Source material -
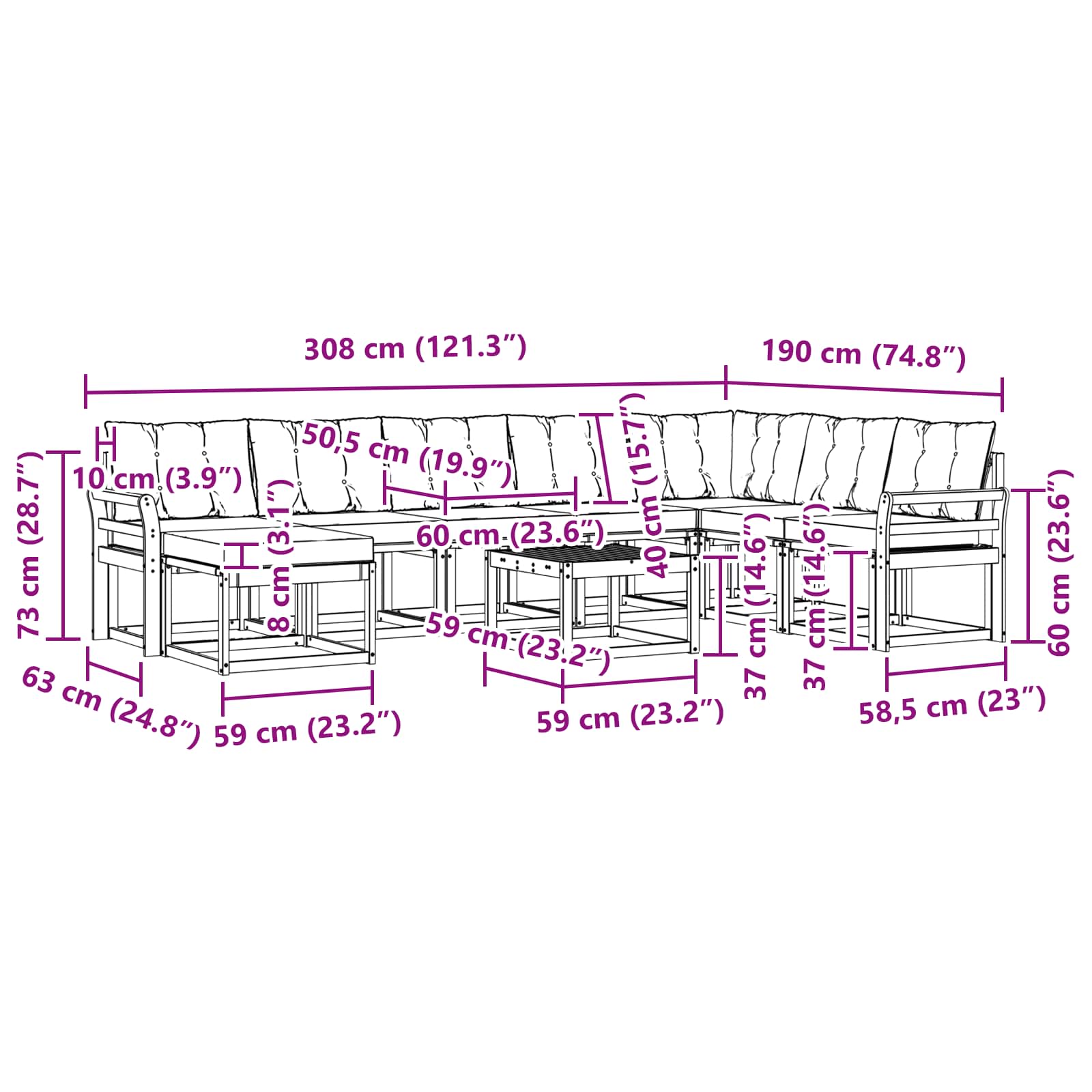 Outdoor-Sofagarnitur mit Kissen 9 pcs Weiß und Creme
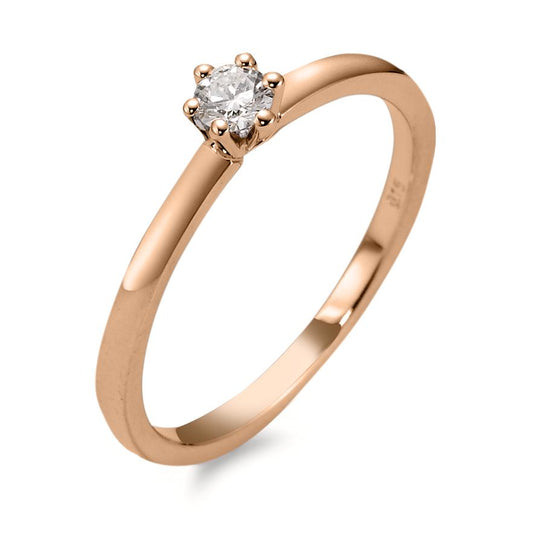 Bague solitaire Or rouge 18K Diamant 0.15 ct, w-si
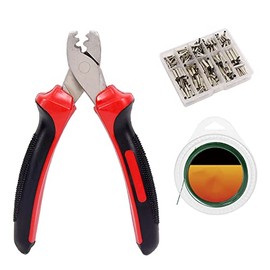Crimp Sleeves Set with Fishing Pliers+300 Singel Barrel Crimps Sleeves in 7 Different Sizes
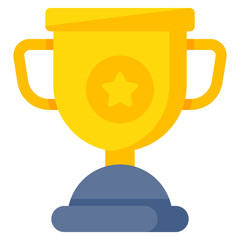 Flat design icon of star trophy cup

Task description - Set down all the material exactly once more. No pictures.

Task response -
 Outdoor-Sofagarnitur mit Kissen 9 pcs Weiß und Creme
 Bague solitaire Or rouge 18K Diamant 0.15 ct, w-si
Crimp Sleeves Set with Fishing Pliers+300 Singel Barrel Crimps Sleeves in 7 Different Sizes
 Flat design icon of star trophy cup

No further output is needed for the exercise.